I mention it because I am continuing to build evil dossiers on Brazilian companies and map the business terrain. Some people collect stamps. Solid information on the subject is hard to come by, so you have to try to develop it yourself, in your own bumbling way. See, for example,
Among the goods moving through the expanded port will be the sugar and ethanol produced by the likes of Cosan. As Itaú Europa noted in its Brazil Weekly Report for April 11, 2008:
Cosan and Rezende Barbosa, the holding company of the Nova America group, announced the creation of Rumo Logística, a company focused on sugar and grain logistics. Rumo will have a static storage capacity of 435 million tons and annual shipment capacity of 8.5 million tons of sugar or grain. It will be located at the Port of Santos, in the state of São Paulo.
The Inter-American Development Bank has already prepared a prefeasbility report on the project.
The recovery of Santos — nearby Cubetão was once the most polluted place on earth, and clearing the city of organized crime will someday prove to have been quite a story as well, I will wager — might be worth a book someday.
I thought I remembered Santos-Brasil also recently closing a deal to lease and expand a port in Southern Brazil, but just try to search through the corporate actions databases of the Bovespa and the CVM to jog your memory. Frustrating experience.
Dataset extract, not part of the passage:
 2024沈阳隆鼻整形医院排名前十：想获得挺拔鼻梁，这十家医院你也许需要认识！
Infraero, the state-owned airport authority, is said to be contemplating an expansion of the Santos airport. Meanwhile, Business News Americas reported (week of April 4):
Brazil’s government withdrew eight state-run port companies from the national privatization docket (PND), according to a decree published by President Luiz Inácio Lula da Silva in the official gazette Diário Oficial da União. Among the companies withdrawn was Codesp, authority at the country’s busiest port, Santos. The decision was made to accelerate bidding processes for other projects in the sector.
I call reading that the state government here in São Paulo wants to renegotiate the state’s stake in port operations with the federal government — part of the fiscal maneuvers in anticipation of those Santos Basin oil royalties, among other things, probably. Vague recollection, however. Do not bet the farm.
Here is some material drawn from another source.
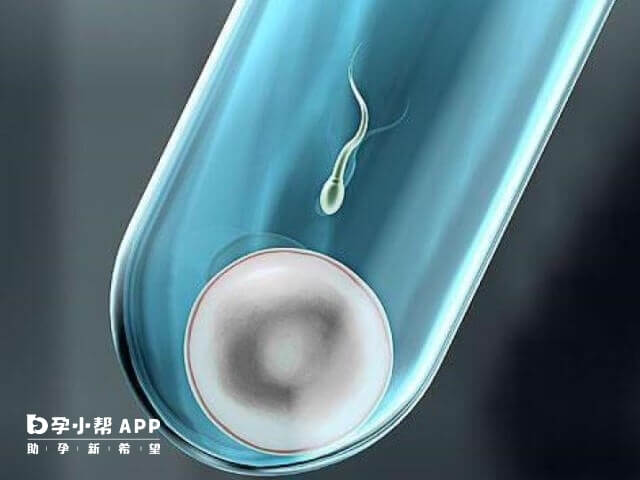 月经期间进行性生活有什么影响 月经期间性生活有什么危害吗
The most recent announcement (Source: CVM)
Considerando o expressivo crescimento do comércio exterior brasileiro nos últimos anos, a previsão de que tal crescimento se mantenha em níveis elevados e o conhecimento técnico e de gestão da Santos-Brasil S.A., subsidiária integral da SBPar, na área portuária, a SBPar solicitou à Companhia Docas do Estado de São Paulo – CODESP, Autoridade Portuária do Porto Organizado de Santos, autorização para realizar os estudos necessários para a aferição da viabilidade do aproveitamento de áreas situadas na margem esquerda do estuário de Santos para exploração de atividade portuária.
Given the substantial growth in Brazilian foreign trade in recent years, the prospect that this rate of growth will continue, and the technical and managerial expertise of Santos-Brasil S.A., a wholly owned subsidiary of SBPar, in the ports sector, SBPar has asked CODESP (the Companhia Docas do Estado de São Paulo), the Santos port authority, for authorization to conduct the studies necessary to determining the commercial viability of areas situated on the left bank of the Santos estuary for port operations.